START INFORMATION

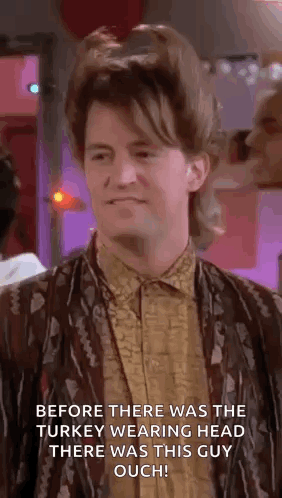 Man With Mullet Standing In Room With Purple Background GIF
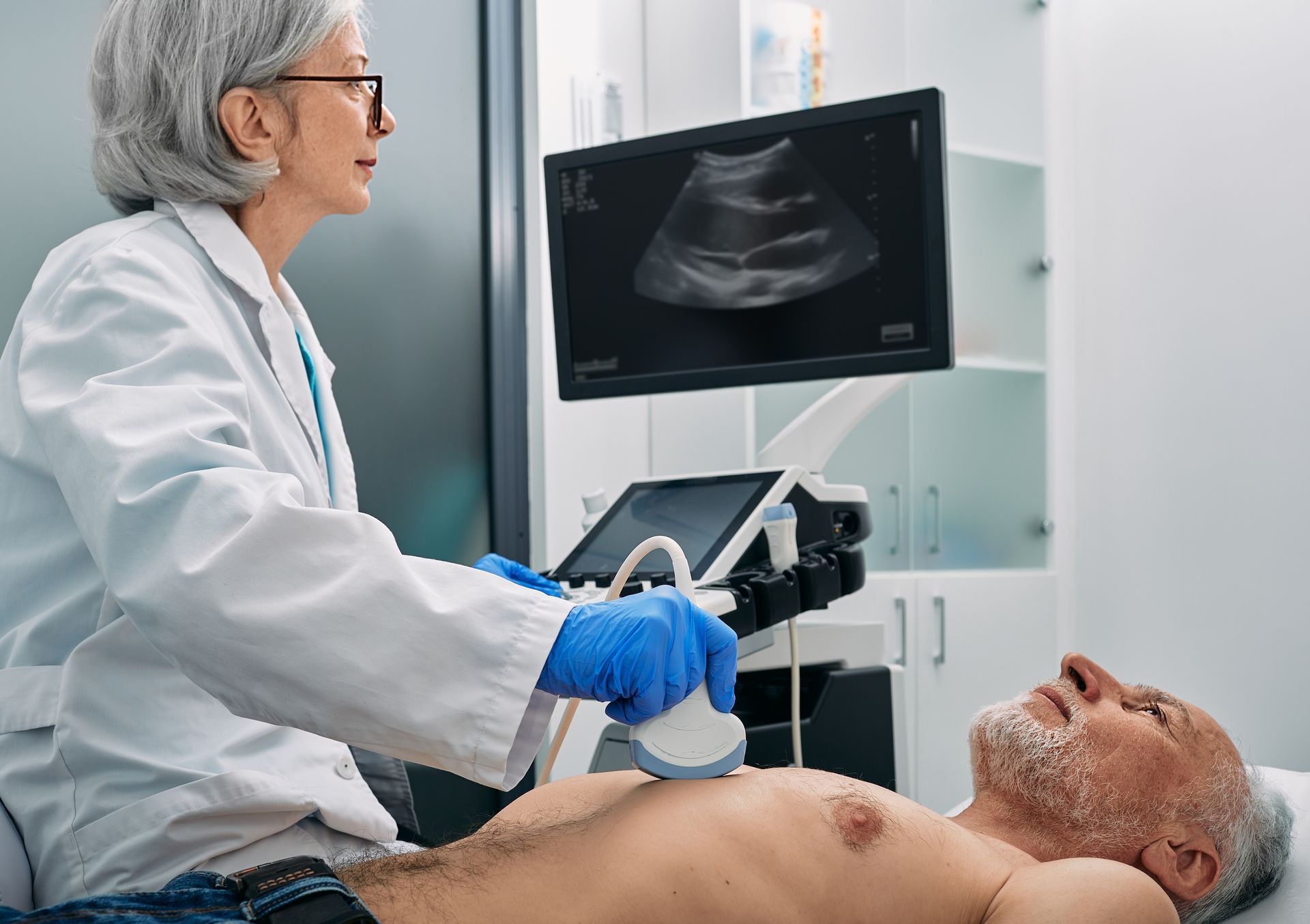 A doctor is examining a man 's chest with an ultrasound machine.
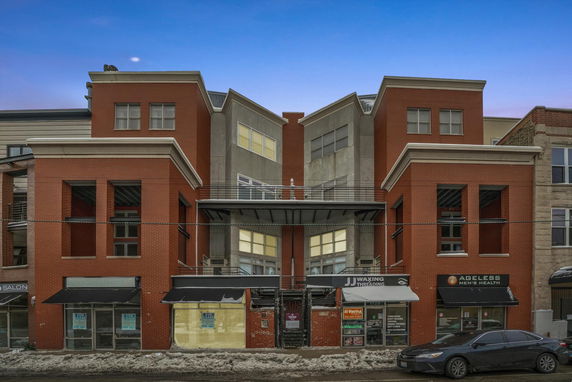 Front view of a commercial building with multiple storefronts and modern architectural design.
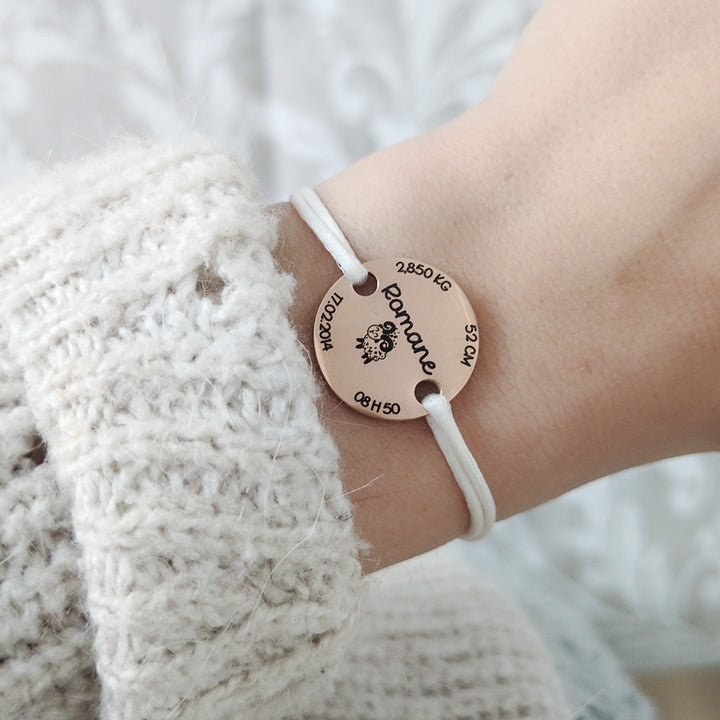 Bracelet avec médaille de naissance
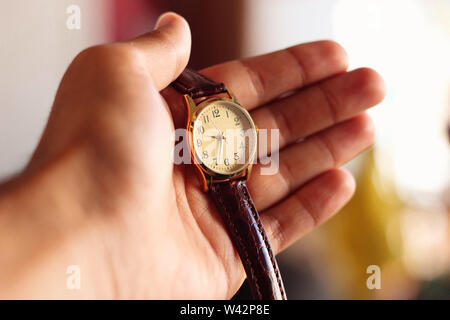 Mano che tiene un orologio al quarzo. Foto Stock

END INFORMATION

§ TRY IT: Would you write out the material above in full, exactly as given, except for its pictures?

§ YOUR RESPONSE:
 Man With Mullet Standing In Room With Purple Background GIF
 A doctor is examining a man 's chest with an ultrasound machine.
 Front view of a commercial building with multiple storefronts and modern architectural design.
 Bracelet avec médaille de naissance
 Mano che tiene un orologio al quarzo. Foto Stock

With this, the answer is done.